Approximately 30 percent of all home loan applications were denied in The Bronx, an amount well above New York's denial rate of 23 percent and almost twice as high as Manhattan's 17 percent, according to a new report from the Department of Finance examining banking needs throughout New York City.
Assistant Commissioner Elaine Kloss attributed the high denial rate to a variety of possible factors, including the borough's comparatively low income levels and banks' reluctance to give out subprime loans following the 2007 recession.
"The people that could have qualified legitimately for subprime loans are now getting nothing," she said, "so it’s driving up the denial rate."
Fordham South had the highest denial rate throughout The Bronx at 60 percent, followed by East Tremont at 47.7 percent, Highbridge at 45.9 percent and Melrose South at 44.1 percent.
The numbers are from 2013, so the nascent status of the South Bronx as New York's next trendy spot might not be fully apparent yet, according to Dr. Daniel Miles, director at Econsult Solutions, the economic consulting company that submitted the report to the finance department.
"Some of that might not be reflected in this data yet," he said. "It might take another year or two to kind of filter into the data."
Although the report also notes that The Bronx has the highest percentage of minority neighborhoods in the city, Marlene Cintron, president of the Bronx Overall Economic Development Corporation, said she did not think race was behind the borough's small amount of successful home loans.

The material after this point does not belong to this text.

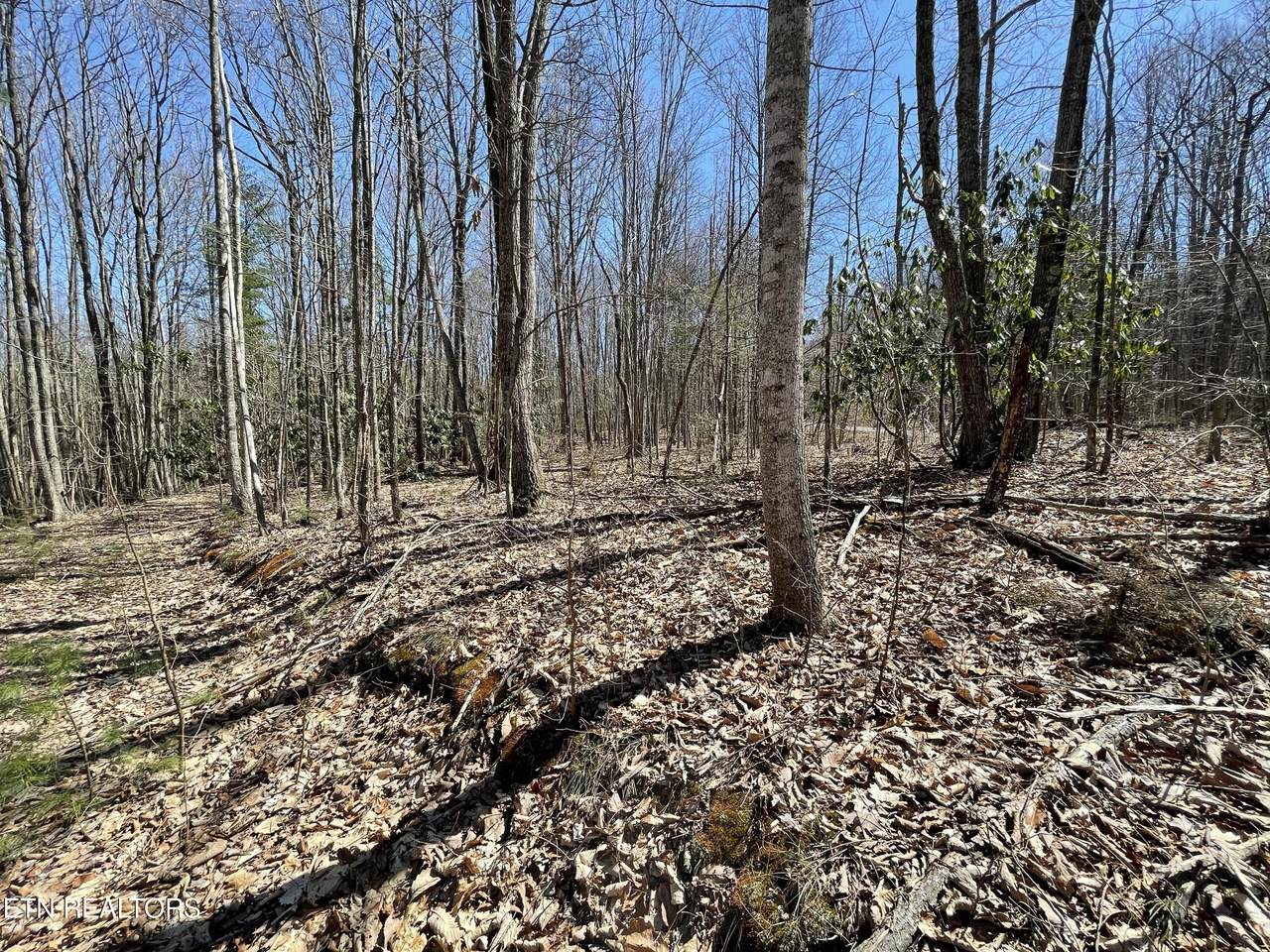9.62 Acres Lighten Rd - Photo 1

"I really see this as a poverty issue," she said. "There are a lot of issues surrounding this. You can't simplify it."
Miles and Kloss maintained that the limitations of their data made it difficult to determine how large of an impact race played on loan approvals or denials.
"We can’t go in and see which loans were denied and who applied, what their race was," she said, "so it’s hard to reach a conclusion."
Borrowing difficulties in The Bronx are not just restricted to home loans. According to the report, the borough also has the lowest amount of business loans per 1,000 businesses at just 175, compared to 329 in Brooklyn and 288 in Manhattan.
Although the city has limited data on the types of borrowers seeking these loans, Kloss suggested the low numbers could reflect the newness of Bronx businesses.
"Startup businesses really struggle to get financing," she said. "The data doesn’t say how long these businesses have been in existence, so if it’s a new business, it could have been denied a loan because they just haven’t been in operation very long."
She stressed that banks had become much more cautious about lending money since the recession, which could make things particularly difficult for low income areas like the South Bronx.
"Since we’ve come out of this recession, banks have really tightened credit lending," she said. "Credit is very, very tight, even for people that qualify."
Cintron offered a blunter assessment of the lack of loans in her borough.
"Obviously, based upon this report, the banks are failing us," she said.